UAL took the opposite, "Kumbaya," approach: It made nice with its unions and the Pension Benefit Guaranty Corp. (PBGC), among others, crafting deals that gave the carrier's potential adversaries stakes in its survival.
"You can punch each other out, or you can say, 'We're in this together,' " says Jonathan Rosenthal of Saybrook Capital, advisor to UAL's creditors committee. "I think UAL showed that cooperation works better."
Delta seems to be caught straddling both schools.
It's trying to obtain a 19 percent pilot pay cut in court and imposed a 9 percent cut on most of the rest of its workforce, which is nonunion, in November. (Management has taken 15 percent pay cuts.)
But it has also tried to preserve what it can of the old family culture, as with Grinstein's address to the retirees.
Even Delta's pilots still tend to blame the lawyers in Manhattan -- where management's lead bankruptcy firm, Davis Polk & Wardell, is based -- as the bad guys.
Mike Donatelli, chairman of the pilots union's Strike Preparedness Committee, says of a Delta court filing that compared the union's strike threat to a murdersuicide, "Some lawyer came up with that.... To throw that term around in public after you've had airplanes hit the World Trade Center, hit the Pentagon -- that's as egregious and cavalier as you can get."
Bankruptcies are notoriously unpredictable, and Delta's is still early in the process.
CFO Edward Bastian insists the airline has a leg up on previous legacy carriers in Chapter 11, having entered it "with a transformation plan we've been working on for the past two years."
The carrier also has an ace in the hole: GE, the world's biggest aircraft lessor and a major jet engine maker.

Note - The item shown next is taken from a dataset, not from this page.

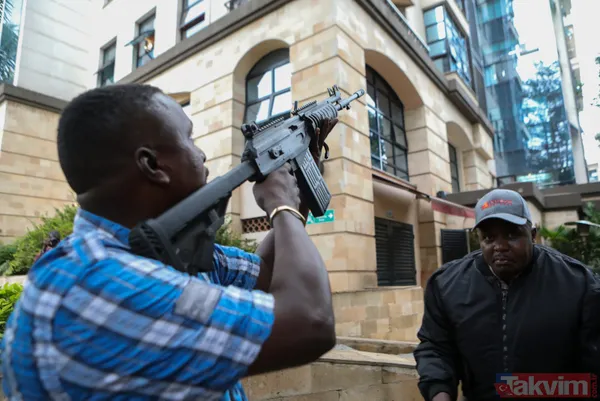 Kenya'daki saldırıdan kan donduran görüntüler - 8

Sometimes called the "patron saint of failing airlines," GE (Research) knows that liquidations are bad for business. It helped keep US Airways aloft until that carrier finally merged with America West, and it is unlikely to let the U.S.'s third-biggest carrier disappear. (GE is already the lead provider of Delta's bankruptcy financing.)
The real question is whether Delta's management will get its strategy together in time to ensure a post-Chapter 11 existence as a standalone carrier -- or whether Delta will survive only as part of another airline.